A large solar flare began at about 10:38 p.m. January 22, according to the space weather Laboratory at NASA’s Goddard Space Flight Center in Greenbelt, Maryland. Less than two days later, the resulting coronal mass ejection (CME) collided with Earth’s magnetic field, producing a variety of ionospheric effects.

NOAA’s Space Weather Prediction Center rated the solar radiation storm as the largest since October 2003, categorizing it as a "strong" — or S3 (with S5 being the highest) — storm.

In anticipation of the storm’s arrival, the National Oceanic and Atmospheric Administration (NOAA) issued a warning to the aviation community. As a precaution, several airlines including Delta, Air Canada, and Qantas rerouted a handful of flights that crossed polar regions, where solar storm effects can be most pronounced and affect HF communications and GPS signals used for navigation.

However, because the CME struck the Earth’s atmosphere at an angle, rather than head on, the effects were weaker than they could have been and caused little noticeable effect on GPS satellites or receivers.

The storm did, however, produce impressive display of “Northern Lights” — aurora borealis —  and presages increasing activity expected from the sun as it approaches the solar maximum in the current sunspot cycle.

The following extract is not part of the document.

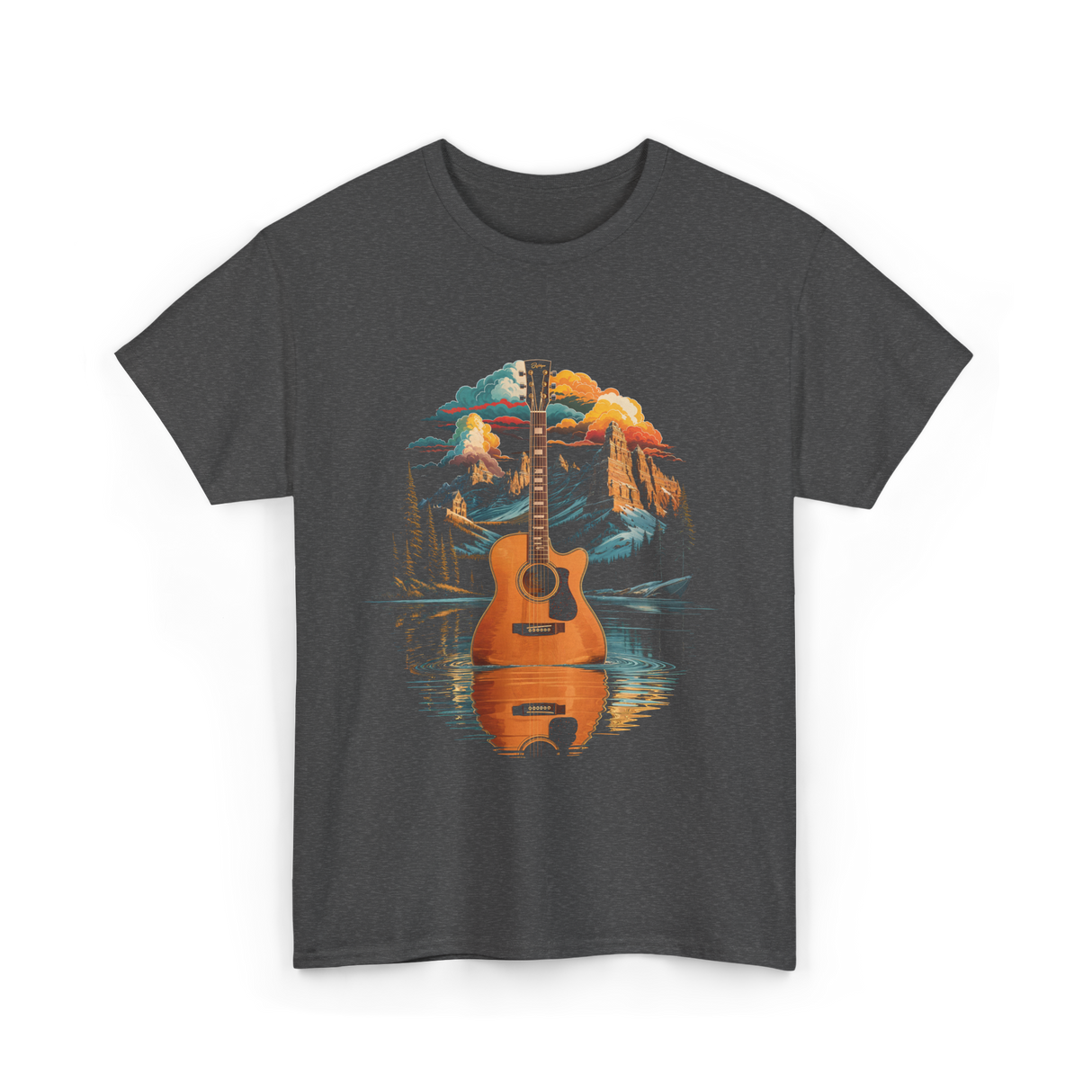 Acoustic Guitar Lake Landscape Guitar T-Shirt - Dark Heather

Three space weather phenomena account for most GNSS errors: total electron content (TEC)–induced delays, scintillation, and solar bursts. As GPS signals propagate through the ionosphere, their speed and direction change in proportion to the varying electron density or TEC along the line of sight between the receiver and the satellite. This affects the GPS range observable, adding a delay to the code measurements and an advance to the phase measurements.

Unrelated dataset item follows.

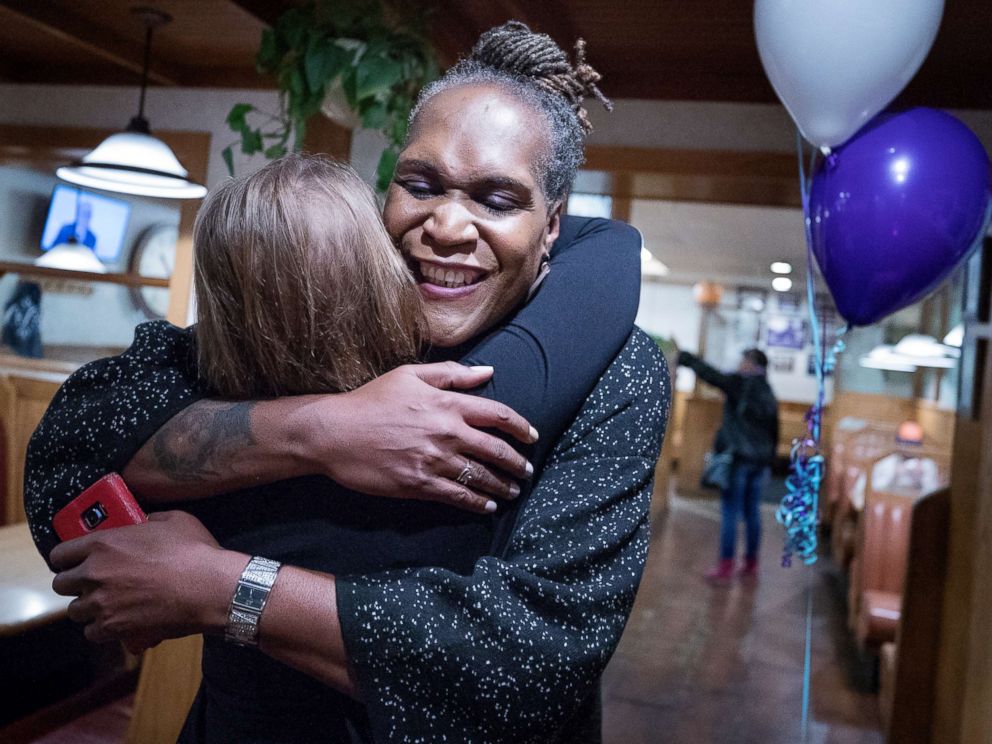 PHOTO: Andrea Jenkins hugs a supporter as she won the Minneapolis Ward 8: Council Member race in Minneapolis, Nov. 7, 2017.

Scintillation, a distortion of radio waves’ phase and amplitude, creates rapid variations in signal power, reducing the received power and phase coherence of the GNSS signals, which can cause a loss of lock on the signal. Solar radio bursts begin with a solar flare that injects high-energy electrons into the solar upper atmosphere, producing RF noise that can degrade GNSS signals.

A recent AMS report highlighted the vulnerability of GPS-dependent critical infrastructures to disruptions caused by solar flares and other space weather events and offered recommendations for making GPS service more robust.